This is a departure from the short biographies I’ve read by Paul Johnson because it’s obvious that he doesn’t like Napoleon. I’ve read his biographies on Socrates, Charles Darwin, and Winston Churchill, and each were intoxicating because of the author’s passion for his subject. His breathless enthusiasm is like that of a passionate teacher lecturing on something that excites him. But with Napoleon, Johnson’s usual enthusiasm is tempered by the tyrant’s pivotal failures.

Johnson sees Napoleon as a monumental but ultimately tragic figure, dragged down by his overwhelming aggression and ambition, a force of destruction and upheaval rather than creation. An opportunist for opportunity’s sake.
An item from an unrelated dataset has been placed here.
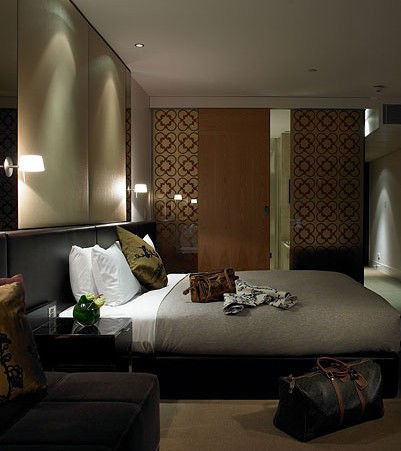 Royce Hotel - Accommodation Burleigh 2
Perhaps that is the central lesson of Napoleon’s life, who was a brilliant battlefield strategist but miserable politician and statesmen. In fact, this point was made best by Johnson himself, in the final paragraph of this book:

The great evils of Bonapartism–the deification of force and war, the all-powerful centralized state, the use of cultural propaganda to apotheosize the autocrat, the marshaling of entire peoples in the pursuit of personal and ideological power–came to hateful maturity only in the twentieth century, which will go down in history as the Age of Infamy. It is well to remember the truth about the man whose example gave rise to all, to strip away the myth and reveal the reality. We have to learn again the central lesson of history: that all forms of greatness, military and administrative, nation and empire building, are as nothing–indeed are perilous in the extreme–without a humble and contrite heart.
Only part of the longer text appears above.